Make sure the center hole of the tripod head is directly on top of the nail that you
have planted on the ground. After everything have set up in place, you may now
press each leg firmly into the ground by stepping on the bracket at the bottom of
each leg so that it is fixed in that position.
3. Fine adjustment on the position of the leg so that the mounting plate on the top is
as eye level as possible. This is because to give the instrument sight at a
comfortable eye level.
You can now remove the theodolite from the case. The theodolite comes with a
handle on top. This is the best place to lift it. Then insert four AAA battery into the
battery compartment. After inserting the battery, gently place the theodolite on
the mounting plate and screw in the mounting knob of the tripod.

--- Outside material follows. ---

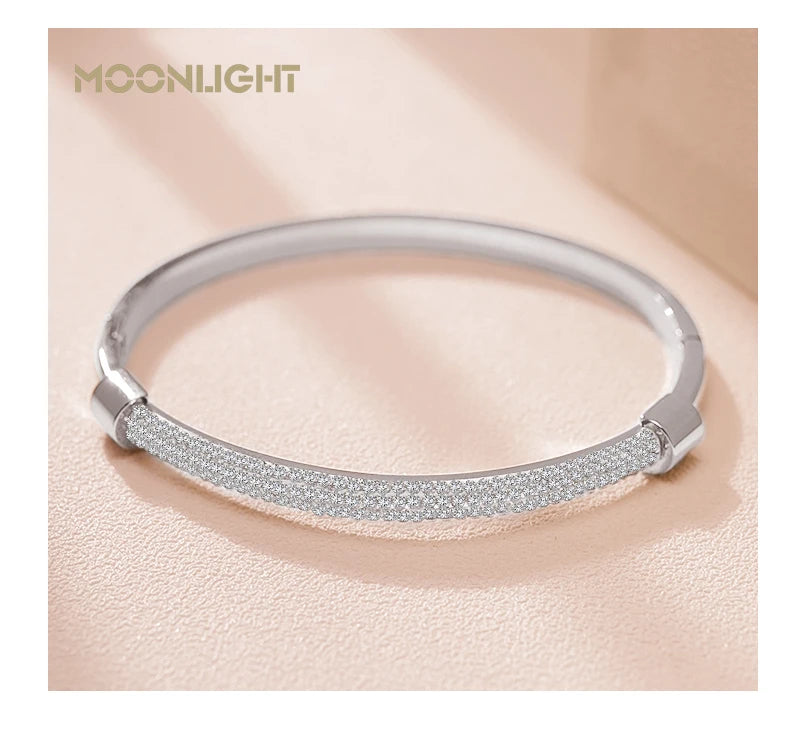 MOONLIGHT Fashion Cubic Zirconia Cuff Bangles for Women Trendy Titanium Steel Circular Classic Bracelet Female Jewelry Gift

4. In the theodolite case, there is a plumb bob attached with a string. Remove the
plumb bob from the case and hook it at the hook beneath the instrument. This
plumb bob is to make sure it is directly pointing at the marked position.
5. Fine tune the adjustment with the leveling screw on the instrument. You can look
at the tubular vial during the leveling screw adjustment. Make sure the bubble in
the tubular vial is in the center. The circular vial’s bubble must also be at the
center.
6. Look through the sight of the optical plummet. This sights allow you to make sure
the instrument is directly over the nail if you can see the nail.
7. Switch on the theodolite and adjust the telescope to a 90 degrees vertically from
the ground. Turn on the LCD display as well.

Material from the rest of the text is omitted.